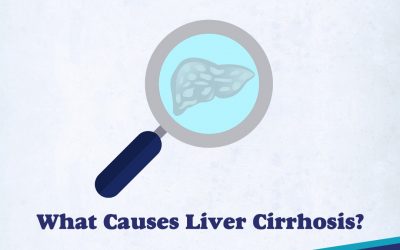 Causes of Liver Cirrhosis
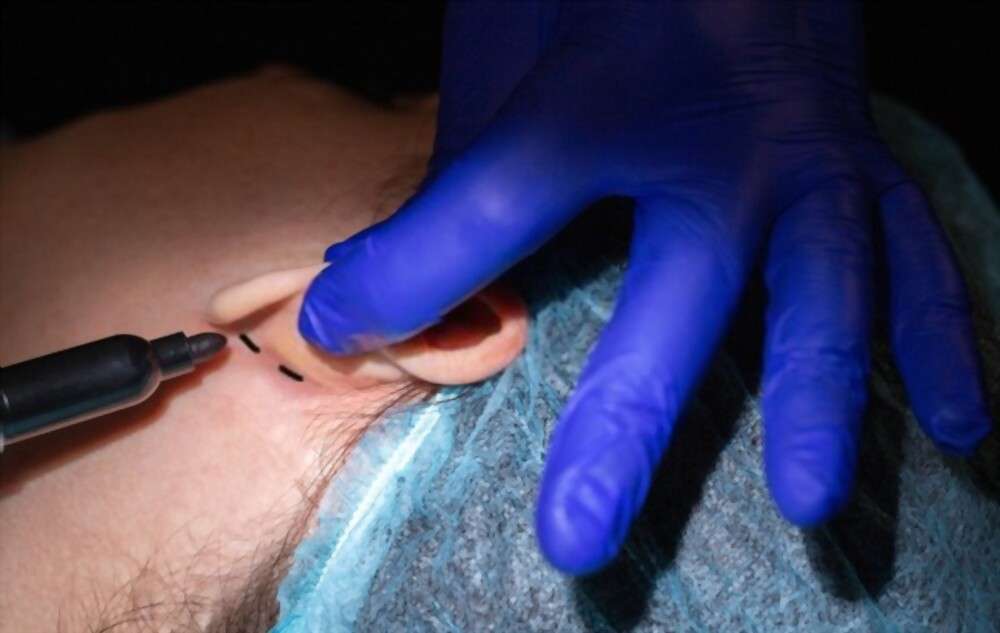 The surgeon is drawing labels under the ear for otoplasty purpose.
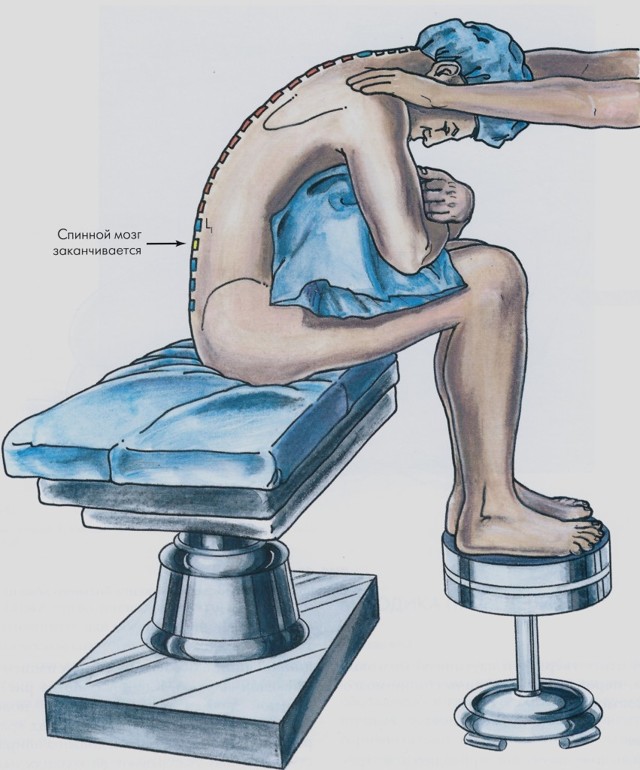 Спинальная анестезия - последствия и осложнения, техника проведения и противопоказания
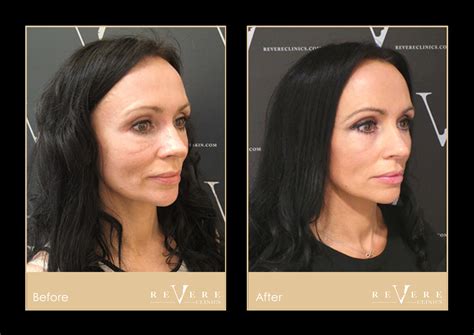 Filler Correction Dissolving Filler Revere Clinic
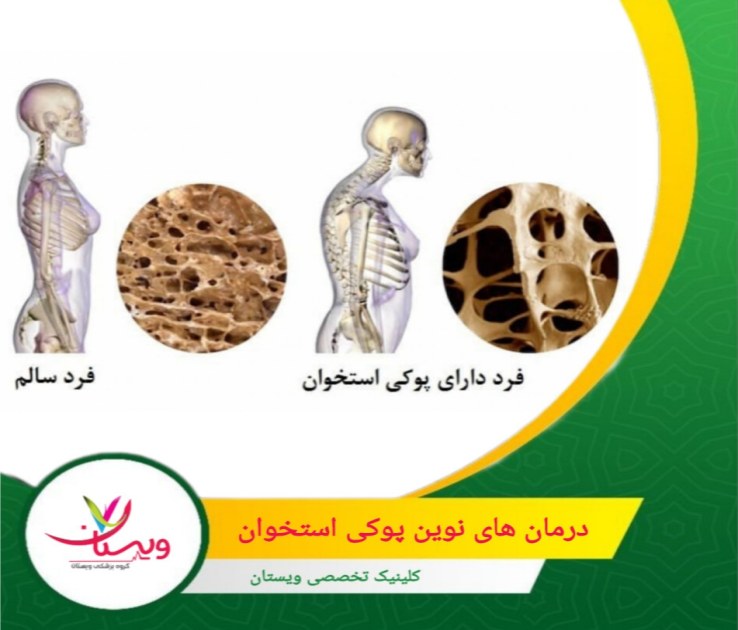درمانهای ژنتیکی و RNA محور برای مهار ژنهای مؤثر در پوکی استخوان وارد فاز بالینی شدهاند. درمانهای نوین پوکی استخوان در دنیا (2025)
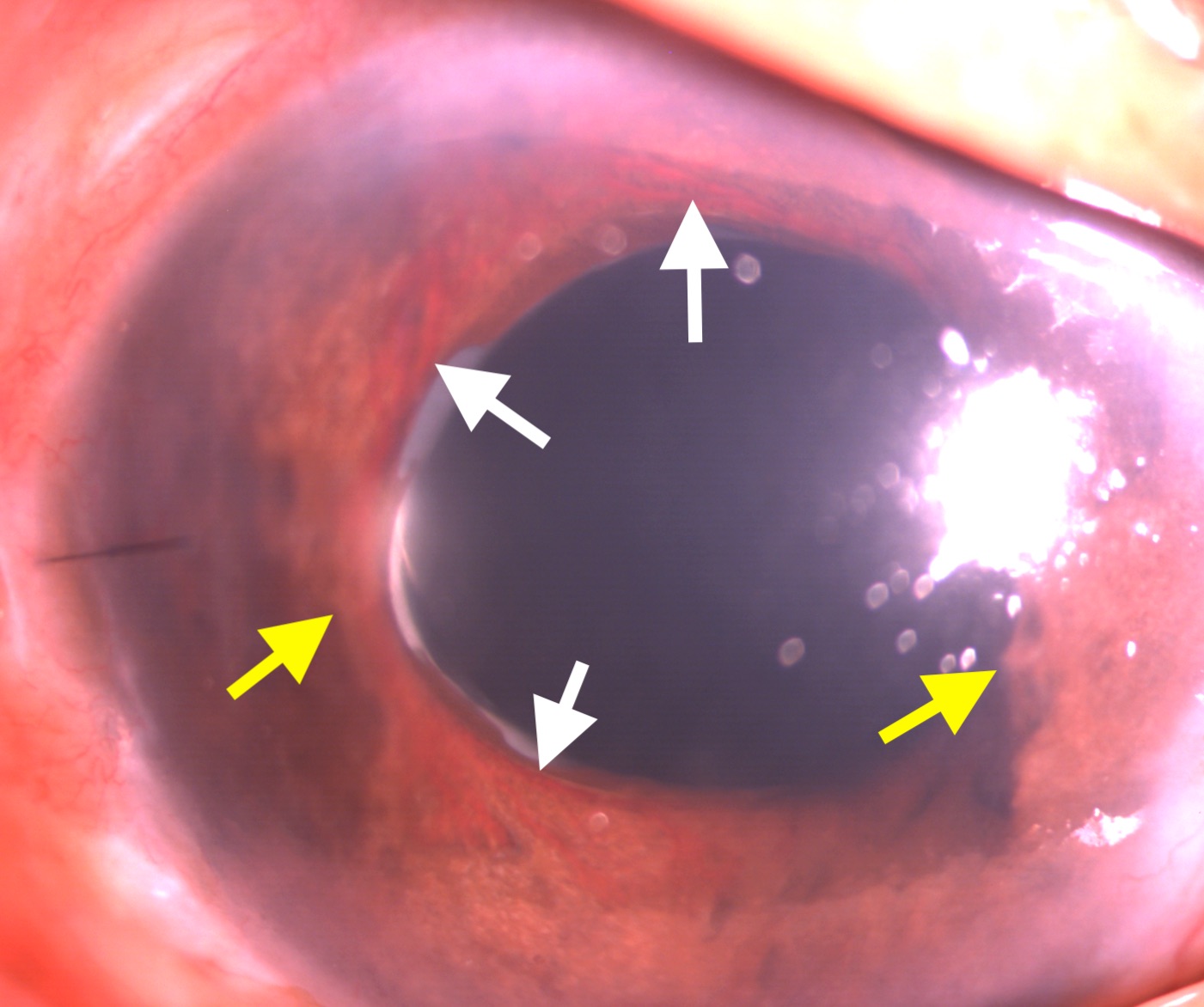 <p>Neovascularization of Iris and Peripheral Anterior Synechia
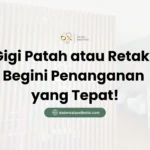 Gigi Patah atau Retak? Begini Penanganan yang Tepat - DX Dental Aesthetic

*****

**ABOUT THIS TASK**
Without copying any images, transcribe the records exactly as they stand.

**ANSWER BOX**
 Causes of Liver Cirrhosis
 The surgeon is drawing labels under the ear for otoplasty purpose.
 Спинальная анестезия - последствия и осложнения, техника проведения и противопоказания
 Filler Correction Dissolving Filler Revere Clinic
درمانهای ژنتیکی و RNA محور برای مهار ژنهای مؤثر در پوکی استخوان وارد فاز بالینی شدهاند. درمانهای نوین پوکی استخوان در دنیا (2025)
 <p>Neovascularization of Iris and Peripheral Anterior Synechia
 Gigi Patah atau Retak? Begini Penanganan yang Tepat - DX Dental Aesthetic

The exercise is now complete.